[[ Supplied entries, beginning ]]
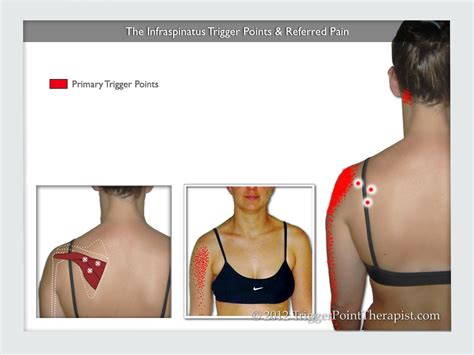 Infraspinatus Trigger Points The Magicians Of Shoulder Pain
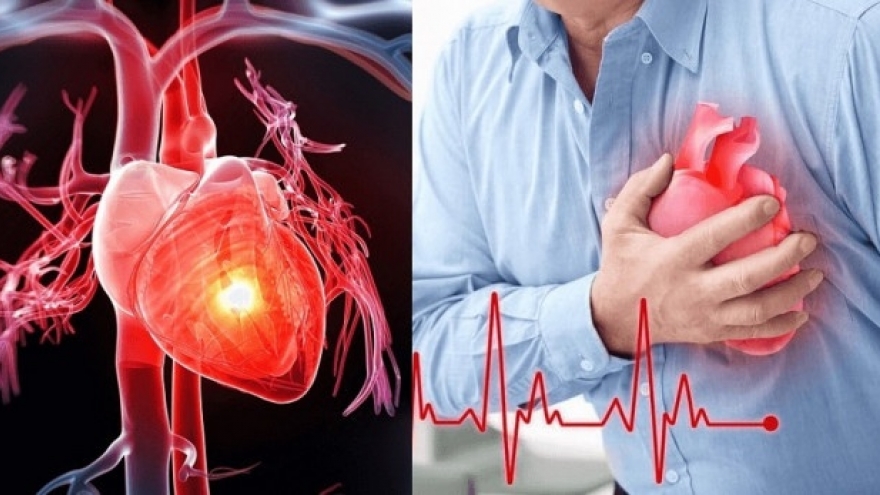 Rét đậm - thử thách với sức khỏe tim, phổi và mạch máu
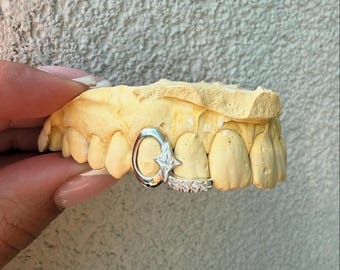 Iced Out Open Face Grillz: Custom Sterling Silver Diamond Inlay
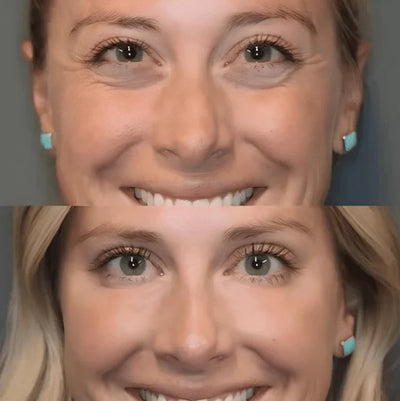 The InstaLift Film - Look Years Younger, Instantly - 50% OFF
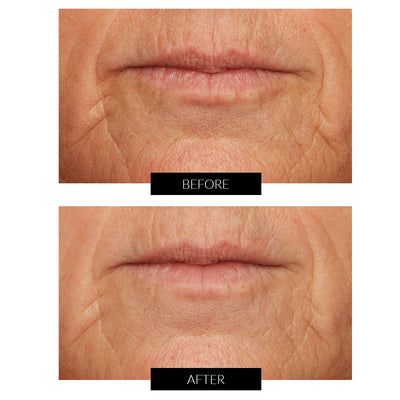 Før og efter billede af behandling omkring læberne med Lancer Hudplejeprodukter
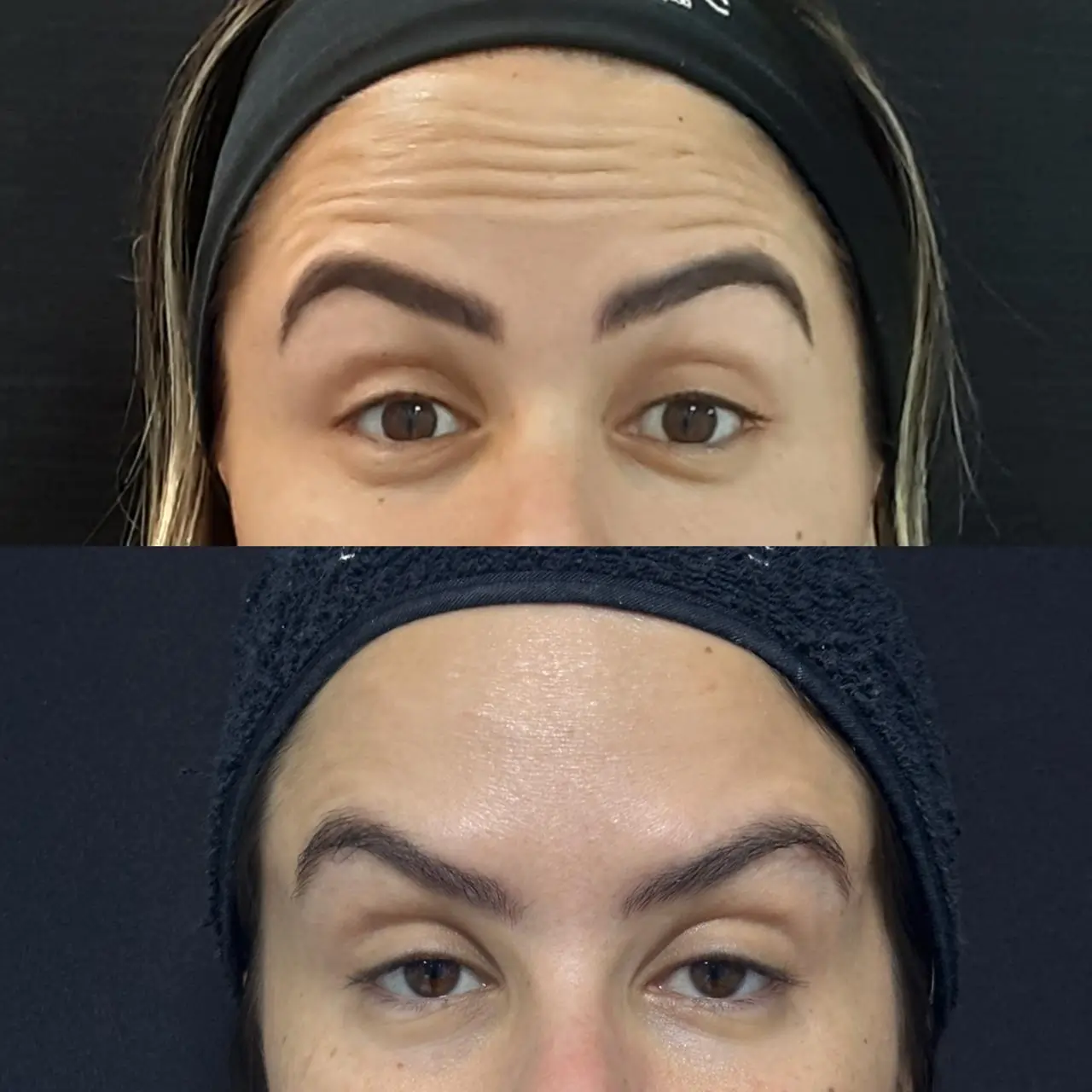 Antes e depois 3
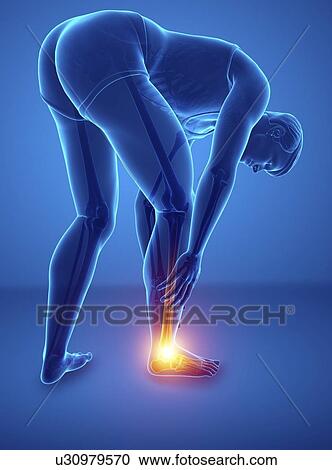 Man with foot pain, computer illustration. View Large Photo Image Stock Image - Man with foot pain, computer illustration.. Fotosearch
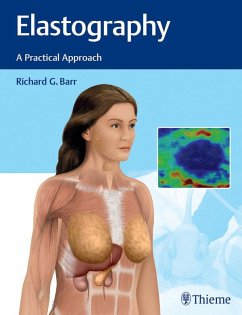 Elastography (eBook, ePUB) - Barr, Richard G.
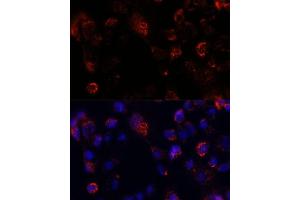 Immunofluorescence analysis of  cells using  antibody (ABIN7265429) at dilution of 1:100. (ACOT9 antibody  (AA 22-250))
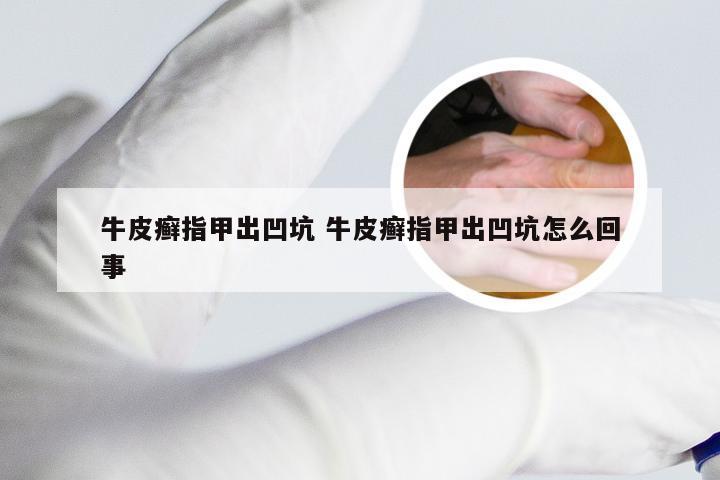 牛皮癣指甲出凹坑 牛皮癣指甲出凹坑怎么回事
[[ Supplied entries, end ]]
Work instruction: Give back exactly, and only, the lines from the one holding "Immunofluorescence analysis of" through the last line of the entries, with every picture omitted.

Response to the task:
 Immunofluorescence analysis of  cells using  antibody (ABIN7265429) at dilution of 1:100. (ACOT9 antibody  (AA 22-250))
 牛皮癣指甲出凹坑 牛皮癣指甲出凹坑怎么回事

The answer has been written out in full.